In den 70ern gingen alle Kinder nach der Schule zum Sport und wenn sich eine Klassenkamerad:in mit Musizieren die Nachmittage vertrieb, verstand niemand so wirklich, was sie denn eigentlich da tat. Seinerzeit war die DDR in internationalen Sportwettkämpfen sehr erfolgreich und hatte Interesse daran, dass das so bleiben wird. Deshalb hielten sie während der lokalen Wettkämpfe nach Kindern Ausschau, die besonders vielversprechende Leistungen erbrachten. Meine Mom war eines dieser Kinder.
Als sie gemeinsam mit ihrer Kollegin Susanne auf das Sichtungslager ins Stargarder Land fuhr, das über den Rest ihres Lebens entscheiden sollte, war Petra 9 Jahre alt. Aufgeregt und eingeschüchtert zugleich schwammen sie das erste Mal in einer professionellen Schwimmhalle - die hatte 50 Meter lange Bahnen und Zuschauer:innentribünen! Während sie in Technik, Kondition und Beweglichkeit geprüft wurden, freuten sie sich über jedes der wenigen Gesichter, das sie von irgendeinem Wettkampf kannten. Dass dies kein gewöhnliches Trainingslager war, hatten sie zuvor zwar gewusst, doch wirklich begreifen konnten sie es erst, als sie auch sportmedizinischen Checks unterzogen wurden und die Notizen, die sich die Trainer:innen am Beckenrand machten, nie zu Gesicht bekamen. Nur die Trainer:innen sahen die Ergebnisse, werteten aus, schätzten ein, entschieden und besprachen sich dann mit den Eltern der Hoffnungsträger:innen. Petra hatte zwar gewusst, dass sie ihre Eltern nur noch am Wochenende hätte sehen können, wenn sie dieses Sportinternat besuchen würde. Dass sie dazu auch bereit gewesen wäre, wurde ihr erst bewusst, als sie über die Absage nicht anders als traurig und enttäuscht sein konnte.

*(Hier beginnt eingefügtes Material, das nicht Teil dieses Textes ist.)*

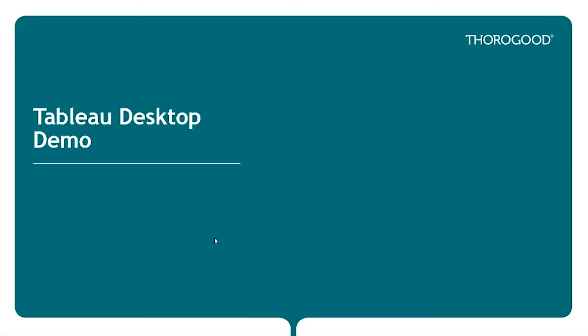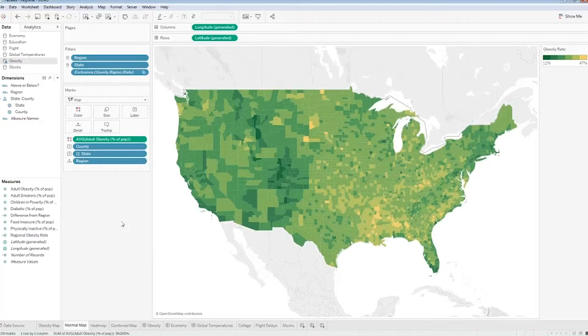The couple things I wanted to show in the demo are heat maps and set actions. I'm going to cover this briefly — if you have questions, please don't hesitate to reach out. So, heat maps — just released yesterday. I have a normal map here that goes down to county level, and we are plotting adult obesity data.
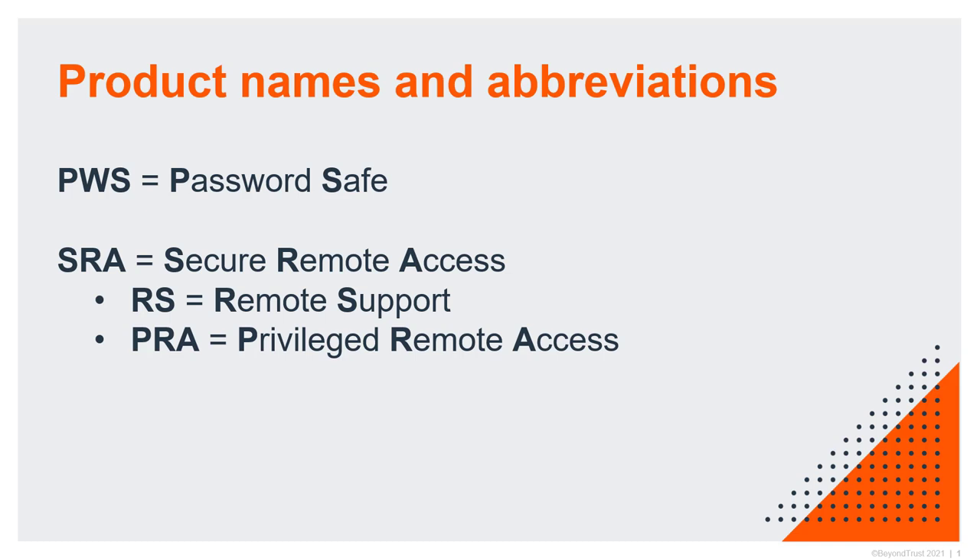Before we get started, I just wanted to clarify a bit of nomenclature. First, Password Safe, BeyondTrust's PAM flagship product, is abbreviated as PWS. SRA stands for secure remote access — it's one of the product pillars, and there are two solutions that fall in that category. First, we have remote support, our service desk or help desk remote access solution. The second one is PRA, or privileged remote access, a solution specifically made with vendor and contractor access use cases in mind — and without the need for VPN.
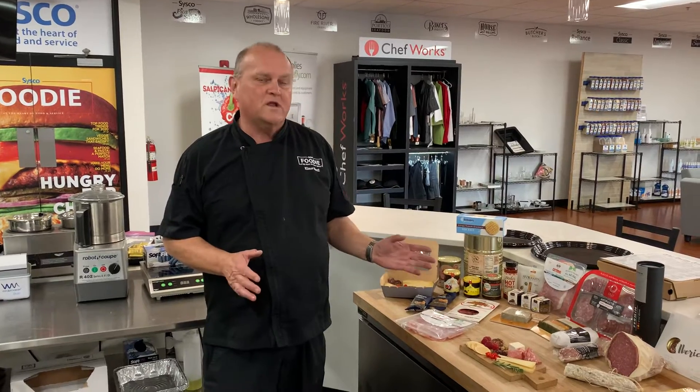Well hello there and welcome to Cisco Chicago. Today I'm going to talk about charcuterie for your restaurants, either indoor or to go.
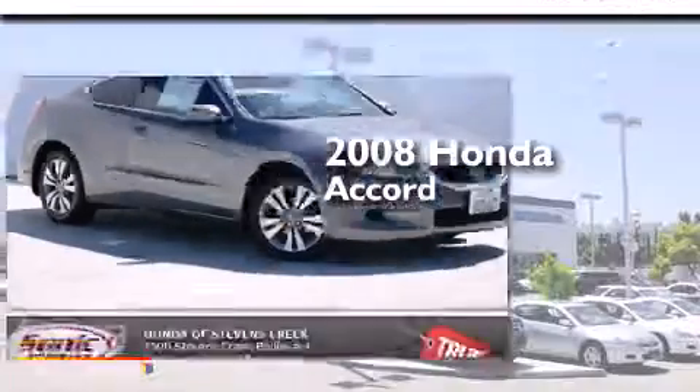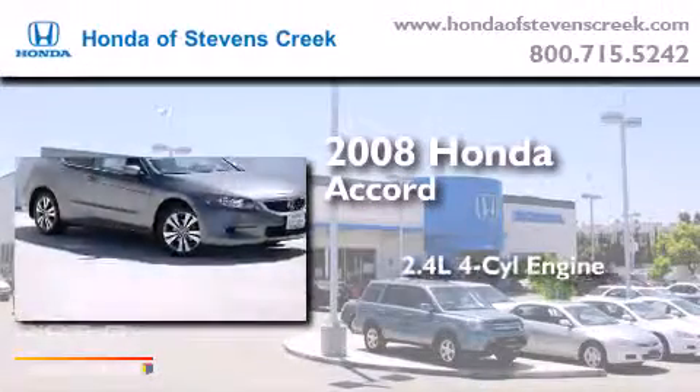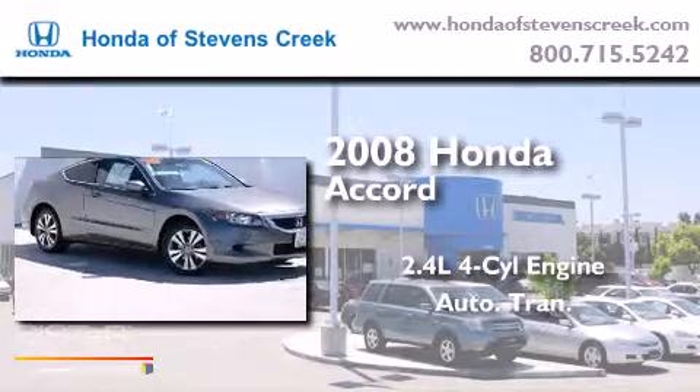This is a 2008 Honda Accord. It features a 2.4-liter four-cylinder engine and an automatic transmission.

„So bleibst du bei uns, meine Kleine“, versuchten ihre Eltern sie zu trösten. Das Chlorwasser roch noch immer nach Sicherheit, Heimat und Alltag. Doch irgendetwas hatte sich verändert. Der Geruch von gebrochenen Erwartungen mischte sich darunter. Sie hatte Schwimmen so sehr geliebt, dass sie bereit gewesen war, sich mit der Welt zu teilen; sie war bereit gewesen, nicht mehr nur für sich selbst zu schwimmen, sondern auch für die DDR. Doch die sozialistische Einheitspartei hatte entschieden, sich nicht mit Petras Leistungen rühmen zu wollen und hatte sie zurückgewiesen, als sei sie es nicht wert gewesen, dass man an sie glaubte. Und dieses Kind fühlte sich durch seine naiven Hoffnungen entblößt und versuchte sich zu bedecken, indem es nicht mehr darüber sprach und weiterhin trainierte, als sei nichts gewesen. Sie fuhr noch immer viermal die Woche nach Leuna, schwamm auf Wettkämpfen und besuchte Trainingslager; bis ihr 7 Jahre später ein Unfall das Knie zertrümmerte.
Petras Kollegin Susanne erhielt eine Zusage und kehrte drei Jahre später mit definierten Muskelpaketen wieder zurück zum Verein; sie war nicht nur gut trainiert, sondern zu einer regelrechten Schwimmmaschine geworden, dachten sich die Hobbyschwimmer:innen irritiert. Böse Zungen zischten, dass die DDR deshalb so gut gewesen sei, weil sie ihre Leute dopte. Petra sagt, sie habe überhaupt keine Ahnung was in dieser Hinsicht vor sich ging, aber an Folgendes könne sie sich erinnern: Beim Mittagessen in der Mensa des Prüfungslagers konnte man erkennen, wer zu Gast war und wer das Internat besuchte. Denn die Kinder, die das Internat besuchten, hatten neben dem Teller noch eine weitere Schüssel auf dem Tablett: darin lagen Pillen, die sie täglich wie eine Beilage zu sich nahmen.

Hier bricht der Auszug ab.